St. Nicholas Church came to rest in the Native village of Eklutna, just outside Anchorage, and has served as a spiritual touchpoint for the local tribe, despite the fact that tribe members have their own, non-Russian Orthodox religious practices. It’s currently undergoing a significant restoration project paid for by a grant from the National Park Service.

“It is a tourist site and tourist destination and an informative site,” Jobe Bernier, a historic architect, told Religion News Service. “However, its primary function is sacred and that’s important to all of us, even those of us that are not Russian Orthodox.”


What I’m reading...

As fighting continues in Israel and Gaza, Jewish and Muslim students in the United States are facing discrimination and even violence, according to two separate reports on campus conditions from Religion News Service.

The Associated Press published a similar piece focused on how the Israel-Hamas war is affecting college chaplains.

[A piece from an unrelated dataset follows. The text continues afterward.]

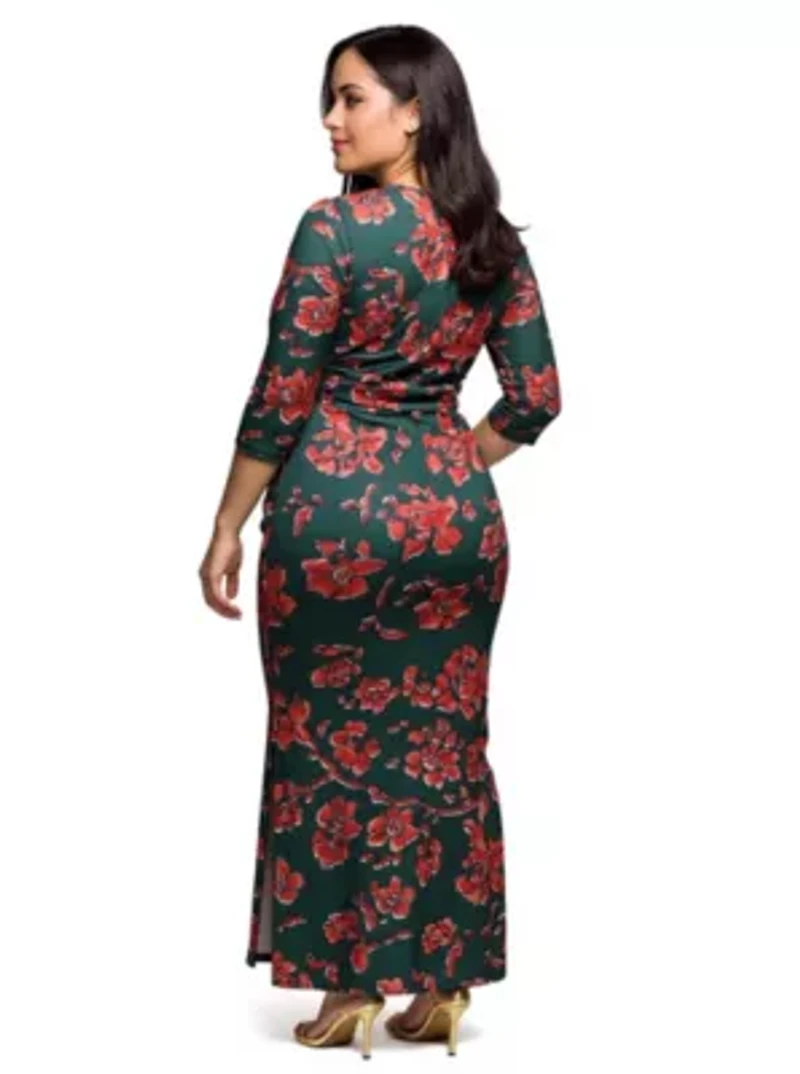 Womens Plus Green Floral Print Three Quarter Sleeve Side Slit Maxi Dress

Last week, I stumbled onto a fascinating article about how researchers study lying and what recent studies on lying have uncovered. Apparently several projects have yielded the same conclusion: Americans don’t lie at equal rates. Instead, a small group of people lie prolifically, while the rest of the country rarely fibs.

My book club recently read a book about growing older and the danger of wasting your older years wishing you were still young. I couldn’t help but think of that book as I read author Anne Lamott’s lovely essay for The Washington Post about living on borrowed time.


Odds and ends

I spent a pretty embarrassing amount of time in the past week watching a video of an opossum getting dragged off the field during the Nov. 2 Texas Tech-TCU game.

My friend Bobby Ross Jr. wrote about what it was like to watch his beloved Texas Rangers win the World Series and the link between baseball fandom and faith.